Kendini dinlememişler bayım. Sessiz sessiz yükselen çığlıklarına eşlik edememişler. Bir duvar dibi aramamışlar, kendi mahkemelerini kurup kendilerini yargılayamamışlar. Sağa sola kaçışıp durmuşlar. Bir topacın toprak üstünde dönüp dönüp dolaştığı yerlerde oyuntular açması gibi dönüp durmuşlar. Sonra topacın açtığı oyuntuların birine rastlayıp sendelemesi ve yavaş yavaş duraksaması gibi duracaklarını hesap etmişler. Açtıkları o oyuntuların ne kadar derin, ne kadar acılı olduğunu ve onlara uğramalarıyla sertçe yere çakılacaklarını hesap edememişler. Çarpıp çarpıp birçok yerde yara açmışlar. Yara açtıkları yerlere tekrar uğrayıp büyük bir yenilginin tahtına oturur bulmuşlar kendilerini.
Duramamışlar, durmayı hiç denememişler. Pardon bayım, bu hikayeye sondan başladım. Oysa sana yenilgi tahtının nasıl inşa edildiğini anlatmakla başlamalıydım. Bize hep hikayelerde yazılan kahramanların yüceliği anlatıldı. Ama bayım, yazılan kahramanları, kötü adamların yazmış olabileceğini hiç düşünemedik. Söze nasıl başlasam bilmiyorum. Neden söze başlamadan sana “Bayım! Bu hikayede kahraman yok. Bu hikayede kötü ve kötülerin kandırdıkları var.” diye haykırmak istiyorum, bilmiyorum. Neyse bayım artık başlanmalı söze. Artık dinlemeliyiz ikimiz de…
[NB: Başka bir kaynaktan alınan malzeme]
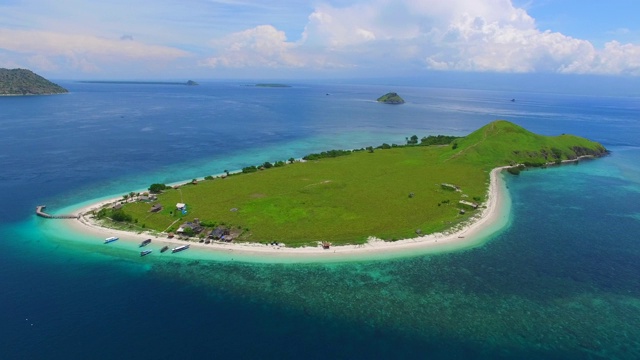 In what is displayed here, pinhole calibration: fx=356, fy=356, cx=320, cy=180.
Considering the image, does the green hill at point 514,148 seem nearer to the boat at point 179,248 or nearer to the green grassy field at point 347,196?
the green grassy field at point 347,196

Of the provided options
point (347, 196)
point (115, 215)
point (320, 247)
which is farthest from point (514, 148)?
point (115, 215)

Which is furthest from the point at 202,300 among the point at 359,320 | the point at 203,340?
the point at 359,320

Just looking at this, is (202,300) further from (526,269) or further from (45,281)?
(526,269)

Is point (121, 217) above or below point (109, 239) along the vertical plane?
above

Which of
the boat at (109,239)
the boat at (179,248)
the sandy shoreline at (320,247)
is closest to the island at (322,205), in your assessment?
the sandy shoreline at (320,247)

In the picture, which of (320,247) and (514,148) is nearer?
(320,247)

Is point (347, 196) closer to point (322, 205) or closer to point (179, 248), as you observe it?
point (322, 205) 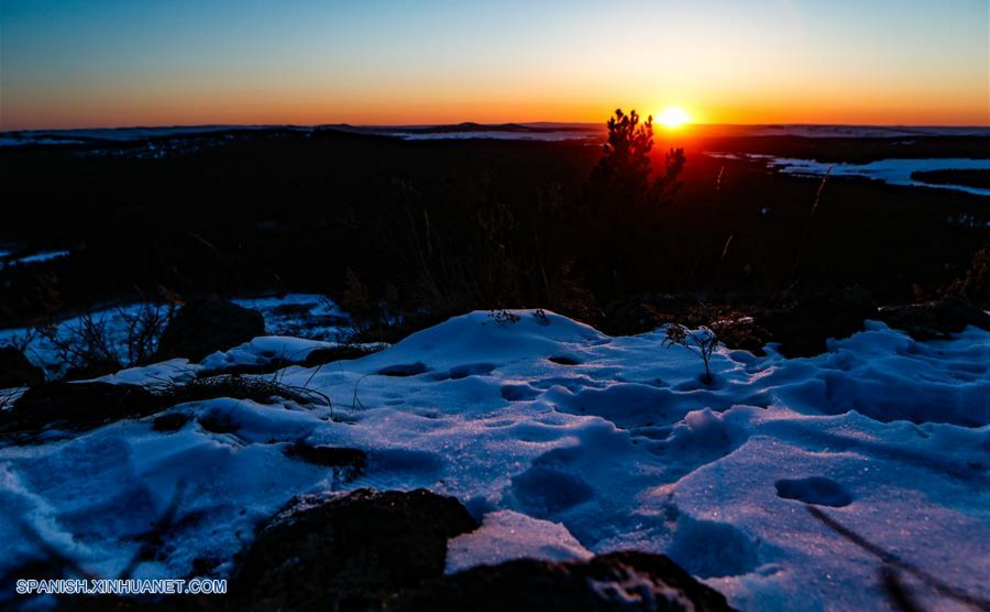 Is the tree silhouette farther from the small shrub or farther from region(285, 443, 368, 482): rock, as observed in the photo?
region(285, 443, 368, 482): rock

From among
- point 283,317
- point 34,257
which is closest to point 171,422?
point 283,317

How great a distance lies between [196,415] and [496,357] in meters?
1.40

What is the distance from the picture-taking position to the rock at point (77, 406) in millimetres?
1862

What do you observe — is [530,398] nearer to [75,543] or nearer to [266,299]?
[75,543]

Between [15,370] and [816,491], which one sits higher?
[816,491]

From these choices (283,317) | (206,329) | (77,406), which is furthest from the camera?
(283,317)

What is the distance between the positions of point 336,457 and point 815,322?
2.62m

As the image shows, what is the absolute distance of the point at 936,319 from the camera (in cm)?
304

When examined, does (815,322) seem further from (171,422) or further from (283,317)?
(283,317)

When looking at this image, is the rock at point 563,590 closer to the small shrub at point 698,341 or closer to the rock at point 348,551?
the rock at point 348,551

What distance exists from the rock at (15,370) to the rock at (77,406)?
6.00 feet

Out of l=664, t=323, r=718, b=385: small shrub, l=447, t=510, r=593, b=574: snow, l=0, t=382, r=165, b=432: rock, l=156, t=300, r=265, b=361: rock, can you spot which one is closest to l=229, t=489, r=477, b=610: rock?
l=447, t=510, r=593, b=574: snow

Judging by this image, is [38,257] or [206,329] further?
[38,257]

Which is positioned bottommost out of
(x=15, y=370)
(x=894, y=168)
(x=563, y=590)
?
(x=15, y=370)
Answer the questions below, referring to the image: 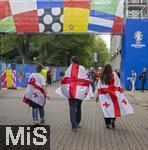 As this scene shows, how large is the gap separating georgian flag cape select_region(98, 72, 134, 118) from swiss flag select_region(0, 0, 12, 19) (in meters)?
20.8

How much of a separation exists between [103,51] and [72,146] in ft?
508

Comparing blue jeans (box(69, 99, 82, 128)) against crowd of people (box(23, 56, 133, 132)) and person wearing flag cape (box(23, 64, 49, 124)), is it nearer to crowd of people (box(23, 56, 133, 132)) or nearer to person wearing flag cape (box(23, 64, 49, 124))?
crowd of people (box(23, 56, 133, 132))

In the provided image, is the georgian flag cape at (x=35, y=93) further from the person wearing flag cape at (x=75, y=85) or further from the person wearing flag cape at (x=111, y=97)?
the person wearing flag cape at (x=111, y=97)

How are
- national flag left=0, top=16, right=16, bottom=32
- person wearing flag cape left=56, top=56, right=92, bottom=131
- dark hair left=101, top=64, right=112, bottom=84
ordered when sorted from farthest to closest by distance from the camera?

Topacı ipe dolayan adam, o topacın duracağını bile bile topacı dönmesi için meydana çıkmaya ikna etmiş. Bütün şehvetleri kulağına fısıldamış. Oyunun kazananı olacağını ve elde edeceği itibarı büyülü bir sesle kulağına fısıldamış. Balın kokusunu alıp üzerine konan arı gibi hızlıca yönelmiş topaç, balın üzerine konmuş.